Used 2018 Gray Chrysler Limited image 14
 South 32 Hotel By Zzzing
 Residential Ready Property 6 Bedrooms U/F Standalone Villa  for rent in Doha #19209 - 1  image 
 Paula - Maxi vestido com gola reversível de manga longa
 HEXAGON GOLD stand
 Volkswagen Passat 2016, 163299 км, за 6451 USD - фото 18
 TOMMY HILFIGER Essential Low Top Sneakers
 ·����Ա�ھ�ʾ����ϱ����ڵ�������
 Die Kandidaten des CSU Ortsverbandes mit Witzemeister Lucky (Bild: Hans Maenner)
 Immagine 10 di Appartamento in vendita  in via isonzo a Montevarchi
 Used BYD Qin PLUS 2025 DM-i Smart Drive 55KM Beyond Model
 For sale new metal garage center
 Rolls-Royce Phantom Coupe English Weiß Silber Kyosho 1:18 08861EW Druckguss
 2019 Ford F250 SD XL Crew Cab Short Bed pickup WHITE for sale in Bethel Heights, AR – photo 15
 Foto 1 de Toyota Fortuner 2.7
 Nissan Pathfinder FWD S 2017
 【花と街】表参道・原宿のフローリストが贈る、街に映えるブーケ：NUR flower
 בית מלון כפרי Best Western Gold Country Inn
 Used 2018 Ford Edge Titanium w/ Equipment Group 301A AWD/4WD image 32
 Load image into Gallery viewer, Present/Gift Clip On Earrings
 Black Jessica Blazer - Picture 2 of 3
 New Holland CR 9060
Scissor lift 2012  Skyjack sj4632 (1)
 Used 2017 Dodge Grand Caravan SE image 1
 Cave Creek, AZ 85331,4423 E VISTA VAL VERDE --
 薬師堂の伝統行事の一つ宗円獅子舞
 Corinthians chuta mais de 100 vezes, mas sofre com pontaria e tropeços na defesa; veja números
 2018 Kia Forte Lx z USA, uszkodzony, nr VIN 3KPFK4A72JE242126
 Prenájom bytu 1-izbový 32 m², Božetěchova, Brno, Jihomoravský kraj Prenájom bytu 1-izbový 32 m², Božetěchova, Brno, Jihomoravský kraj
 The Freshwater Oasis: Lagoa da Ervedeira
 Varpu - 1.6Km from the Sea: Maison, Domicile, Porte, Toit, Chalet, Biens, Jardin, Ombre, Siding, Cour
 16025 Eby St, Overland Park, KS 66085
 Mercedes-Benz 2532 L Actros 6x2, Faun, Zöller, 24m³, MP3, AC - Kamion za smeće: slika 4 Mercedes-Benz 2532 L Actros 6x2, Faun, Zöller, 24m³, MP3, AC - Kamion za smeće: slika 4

------------------------------------------------------------------------

# TASK INSTRUCTIONS:
The records shown above should be given again word for word.

# ANSWER FOR THIS EXERCISE:
Used 2018 Gray Chrysler Limited image 14
 South 32 Hotel By Zzzing
 Residential Ready Property 6 Bedrooms U/F Standalone Villa  for rent in Doha #19209 - 1  image 
 Paula - Maxi vestido com gola reversível de manga longa
 HEXAGON GOLD stand
 Volkswagen Passat 2016, 163299 км, за 6451 USD - фото 18
 TOMMY HILFIGER Essential Low Top Sneakers
 ·����Ա�ھ�ʾ����ϱ����ڵ�������
 Die Kandidaten des CSU Ortsverbandes mit Witzemeister Lucky (Bild: Hans Maenner)
 Immagine 10 di Appartamento in vendita  in via isonzo a Montevarchi
 Used BYD Qin PLUS 2025 DM-i Smart Drive 55KM Beyond Model
 For sale new metal garage center
 Rolls-Royce Phantom Coupe English Weiß Silber Kyosho 1:18 08861EW Druckguss
 2019 Ford F250 SD XL Crew Cab Short Bed pickup WHITE for sale in Bethel Heights, AR – photo 15
 Foto 1 de Toyota Fortuner 2.7
 Nissan Pathfinder FWD S 2017
 【花と街】表参道・原宿のフローリストが贈る、街に映えるブーケ：NUR flower
 בית מלון כפרי Best Western Gold Country Inn
 Used 2018 Ford Edge Titanium w/ Equipment Group 301A AWD/4WD image 32
 Load image into Gallery viewer, Present/Gift Clip On Earrings
 Black Jessica Blazer - Picture 2 of 3
 New Holland CR 9060
Scissor lift 2012  Skyjack sj4632 (1)
 Used 2017 Dodge Grand Caravan SE image 1
 Cave Creek, AZ 85331,4423 E VISTA VAL VERDE --
 薬師堂の伝統行事の一つ宗円獅子舞
 Corinthians chuta mais de 100 vezes, mas sofre com pontaria e tropeços na defesa; veja números
 2018 Kia Forte Lx z USA, uszkodzony, nr VIN 3KPFK4A72JE242126
 Prenájom bytu 1-izbový 32 m², Božetěchova, Brno, Jihomoravský kraj Prenájom bytu 1-izbový 32 m², Božetěchova, Brno, Jihomoravský kraj
 The Freshwater Oasis: Lagoa da Ervedeira
 Varpu - 1.6Km from the Sea: Maison, Domicile, Porte, Toit, Chalet, Biens, Jardin, Ombre, Siding, Cour
 16025 Eby St, Overland Park, KS 66085
 Mercedes-Benz 2532 L Actros 6x2, Faun, Zöller, 24m³, MP3, AC - Kamion za smeće: slika 4 Mercedes-Benz 2532 L Actros 6x2, Faun, Zöller, 24m³, MP3, AC - Kamion za smeće: slika 4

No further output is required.